Whether it was pimped-out gluten-free snacks or carob bears (I know you know what I’m talking about), you name it, I’d try it. And it’s fine from a fiscal point of view at least, to do that while you can sustain it. We throw out ONE THIRD of the food produced for human consumption each year. That’s about $680 BILLION USD in industrialised countries. It’s hideous, environmentally unconscionable and unethical. And nutritionally, as much as I hate to admit it, hummus, cheese and crackers is not a great dinner choice. Even for a single gal living in an inner-city apartment. It’s not glamorous: it’s just setting you up to be tired the next day.

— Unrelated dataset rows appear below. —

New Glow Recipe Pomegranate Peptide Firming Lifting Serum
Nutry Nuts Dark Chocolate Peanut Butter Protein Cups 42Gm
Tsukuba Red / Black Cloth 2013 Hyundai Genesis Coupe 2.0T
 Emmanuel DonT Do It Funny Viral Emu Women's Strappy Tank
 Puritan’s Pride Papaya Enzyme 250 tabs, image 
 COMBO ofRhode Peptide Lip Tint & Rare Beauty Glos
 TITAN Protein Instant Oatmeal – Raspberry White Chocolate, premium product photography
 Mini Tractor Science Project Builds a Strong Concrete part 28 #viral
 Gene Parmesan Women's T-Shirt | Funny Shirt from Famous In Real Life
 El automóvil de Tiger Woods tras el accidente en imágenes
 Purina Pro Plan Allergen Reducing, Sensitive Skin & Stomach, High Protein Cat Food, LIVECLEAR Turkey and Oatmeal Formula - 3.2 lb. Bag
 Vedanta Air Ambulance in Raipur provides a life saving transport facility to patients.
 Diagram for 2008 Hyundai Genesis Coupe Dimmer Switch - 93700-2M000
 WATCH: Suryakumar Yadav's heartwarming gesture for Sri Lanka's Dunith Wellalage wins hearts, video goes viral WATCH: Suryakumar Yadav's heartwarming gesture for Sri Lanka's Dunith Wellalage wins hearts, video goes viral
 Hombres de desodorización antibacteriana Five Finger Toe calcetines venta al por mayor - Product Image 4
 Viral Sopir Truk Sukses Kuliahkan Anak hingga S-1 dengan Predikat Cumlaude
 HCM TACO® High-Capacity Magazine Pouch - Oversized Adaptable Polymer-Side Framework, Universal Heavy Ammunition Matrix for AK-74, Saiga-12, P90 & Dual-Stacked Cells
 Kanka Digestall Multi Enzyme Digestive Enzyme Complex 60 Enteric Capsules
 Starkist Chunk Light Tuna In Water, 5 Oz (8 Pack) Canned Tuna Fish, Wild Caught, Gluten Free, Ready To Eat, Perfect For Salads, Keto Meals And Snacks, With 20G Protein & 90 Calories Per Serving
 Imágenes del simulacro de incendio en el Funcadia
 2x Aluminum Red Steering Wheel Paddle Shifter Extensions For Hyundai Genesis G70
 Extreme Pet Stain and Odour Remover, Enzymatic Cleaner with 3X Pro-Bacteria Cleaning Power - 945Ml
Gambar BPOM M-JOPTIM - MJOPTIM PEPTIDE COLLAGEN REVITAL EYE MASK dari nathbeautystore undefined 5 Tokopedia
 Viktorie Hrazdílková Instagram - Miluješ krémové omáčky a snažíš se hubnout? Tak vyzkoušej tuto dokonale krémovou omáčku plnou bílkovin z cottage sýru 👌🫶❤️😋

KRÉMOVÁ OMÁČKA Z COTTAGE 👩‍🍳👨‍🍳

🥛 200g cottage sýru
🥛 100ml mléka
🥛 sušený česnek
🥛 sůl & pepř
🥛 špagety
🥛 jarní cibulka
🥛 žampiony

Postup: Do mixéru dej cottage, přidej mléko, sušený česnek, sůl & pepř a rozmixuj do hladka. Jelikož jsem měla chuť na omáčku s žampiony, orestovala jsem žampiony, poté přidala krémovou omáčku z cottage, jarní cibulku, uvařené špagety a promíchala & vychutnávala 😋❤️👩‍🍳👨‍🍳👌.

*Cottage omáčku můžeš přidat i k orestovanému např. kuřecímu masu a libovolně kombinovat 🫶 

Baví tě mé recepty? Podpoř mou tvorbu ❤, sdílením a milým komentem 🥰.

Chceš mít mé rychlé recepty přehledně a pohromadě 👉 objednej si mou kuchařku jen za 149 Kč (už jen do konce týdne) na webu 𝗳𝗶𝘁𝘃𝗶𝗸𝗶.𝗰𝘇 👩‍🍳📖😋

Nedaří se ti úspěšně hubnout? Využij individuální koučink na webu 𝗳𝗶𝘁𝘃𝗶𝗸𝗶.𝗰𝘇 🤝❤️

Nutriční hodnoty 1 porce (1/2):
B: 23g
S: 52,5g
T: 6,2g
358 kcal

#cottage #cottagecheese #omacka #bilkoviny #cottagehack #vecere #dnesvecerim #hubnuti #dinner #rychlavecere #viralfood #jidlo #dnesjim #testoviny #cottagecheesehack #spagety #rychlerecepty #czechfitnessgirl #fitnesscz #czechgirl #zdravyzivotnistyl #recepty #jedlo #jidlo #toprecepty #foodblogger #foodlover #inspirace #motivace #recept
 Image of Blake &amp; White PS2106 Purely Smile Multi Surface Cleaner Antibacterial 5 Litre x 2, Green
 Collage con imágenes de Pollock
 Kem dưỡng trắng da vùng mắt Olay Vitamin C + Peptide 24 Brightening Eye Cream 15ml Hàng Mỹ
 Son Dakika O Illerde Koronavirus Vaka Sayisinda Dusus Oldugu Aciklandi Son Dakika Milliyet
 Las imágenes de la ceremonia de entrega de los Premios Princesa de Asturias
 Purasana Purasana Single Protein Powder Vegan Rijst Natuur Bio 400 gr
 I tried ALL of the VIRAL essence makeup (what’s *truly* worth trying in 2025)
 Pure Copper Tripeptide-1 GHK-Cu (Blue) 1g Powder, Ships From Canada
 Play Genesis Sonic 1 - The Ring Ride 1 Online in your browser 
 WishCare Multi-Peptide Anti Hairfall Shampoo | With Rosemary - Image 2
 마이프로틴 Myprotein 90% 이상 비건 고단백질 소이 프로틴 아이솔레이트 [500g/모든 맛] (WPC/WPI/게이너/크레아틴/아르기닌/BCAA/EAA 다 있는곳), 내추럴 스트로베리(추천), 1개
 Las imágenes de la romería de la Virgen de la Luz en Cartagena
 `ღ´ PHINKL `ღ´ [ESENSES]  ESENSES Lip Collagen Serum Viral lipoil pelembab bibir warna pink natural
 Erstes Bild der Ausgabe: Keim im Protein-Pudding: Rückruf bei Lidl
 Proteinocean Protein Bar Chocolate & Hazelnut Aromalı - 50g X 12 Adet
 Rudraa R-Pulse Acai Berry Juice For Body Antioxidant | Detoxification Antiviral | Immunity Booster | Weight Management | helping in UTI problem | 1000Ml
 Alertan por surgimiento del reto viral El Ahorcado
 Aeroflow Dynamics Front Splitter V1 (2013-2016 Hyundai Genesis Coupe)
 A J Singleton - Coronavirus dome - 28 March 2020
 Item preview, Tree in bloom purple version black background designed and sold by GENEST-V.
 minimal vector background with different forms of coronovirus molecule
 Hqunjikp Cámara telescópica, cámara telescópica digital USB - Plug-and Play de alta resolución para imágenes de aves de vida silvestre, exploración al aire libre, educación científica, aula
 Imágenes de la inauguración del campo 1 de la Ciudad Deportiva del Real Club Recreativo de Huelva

But as so often happens in life, circumstances converge and over the past two years I’ve found myself not just with a less secure income stream, but also a far greater interest in sustainability, simple living, eating ‘better’ (less processed, more veggies, eating meals, rather than snacking). Finally, I found myself ready to get real, live within my means, and take care of my health. **

1.       Put away the packets

Processed food is cr*p. There you go. I reckon the biggest favour you can do for your eating is not to cut out bread or sugar in the form of fruit or go paleo (hi Pete) but to simply stop eating processed food. It seems boring. It seems simple. It’s not sexy. These kinds of messages won’t get you eyeballs on your site or Instagram likes but that’s precisely why they are critical to keep sharing.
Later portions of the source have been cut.